At the heart of “Where The Tracks End” is the story of Ikal and his working-class family. Living in wagons and constantly traveling from one dusty village to another, they represent the resilience and strength of many Mexican families who lead a nomadic lifestyle. Despite their poverty, their true wealth lies in their peace, love, and harmony at home. The film admirably showcases the value of a healthy family dynamic amidst challenging circumstances and dangerous work. We, as viewers from First World countries, should take these families as examples.

Ikal navigates the challenges of school, first love, and the first brutal strokes of reality. The film captures the spirit of youthful innocence and brings back memories of the carefree days of childhood. A traveling circus brings a touch of mysticism, featuring wizards, rabbits in hats, and fearless acrobats to the Mexican countryside. In many ways, “Where The Tracks End” harks back to the beloved children’s movies of the 90s, like “The Little Princess,” “Jumanji,” and “Pee Wee’s Big Adventure.”
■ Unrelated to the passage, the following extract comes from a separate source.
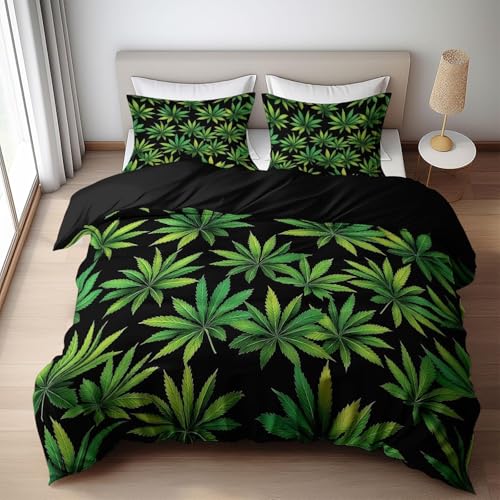 Bettwäsche 200x220 Marihuanablatt Unkraut Bettbezug 200 x 220 cm 3 Teilig Wendebettwäsche 3D Grüne Pflanzen Weich Mikrofaser Bettwäsche-Sets mit Reißverschluss und 2 Kissenbezüge a.1721 Bettwäsche 200x220 Marihuanablatt Unkraut Bettbezug 200 x 220 cm 3 Teilig Wendebettwäsche 3D Grüne Pflanzen Weich Mikrofaser Bettwäsche-Sets mit Reißverschluss und 2 Kissenbezüge a.1721 von Buohwiwe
The film’s cinematography [dp: Juan Pablo Ramírez] is nothing short of beautiful, capturing the essence of the Mexican countryside with its sweeping landscapes and vibrant colors. People’s close connection to nature is a significant focus throughout the movie, emphasizing the importance of respecting the environment and living in harmony with it. Complementing the stunning visuals is a soothing and playful soundtrack by Gus Reyes and Andrés Sánchez that enhances the story.

Besides the personal storylines, the film also presents a compelling social backdrop. The desire for a better life and dreams of reaching the USA permeate the conversations among the children in the village. The filmmakers effectively depict the societal inequality and the stark reality that many families face. The closing of small, local schools as part of a government plan for education modernization adds depth to the narrative, emphasizing the importance of education in shaping a nation’s future.

The standout performance by the young lead actor, Kaarlo Isaac, brings Ikal’s character to life with nuance and sensitivity. Through the parallel storyline of teacher Georgina, played by Adriana Barraza, the film highlights the transformative power of education. The relationship between Georgina and Ikal becomes the heart of the plot, showcasing the miracles that inspiring teachers can perform in the lives of their students. In one of the most heartwarming scenes, Ikal tells teacher Georgina that he dreams of becoming a teacher himself.

Contreras’s love for symbolism is evident throughout the movie, there is a strong connection between railroads and the journey of growing up, the railroads and Mexican reality. In this day and age, there is definitely a great need for more kid-friendly movies like this that can educate, uplift and marvel children and grown-ups alike.

„Where The Tracks End” streams on Netflix.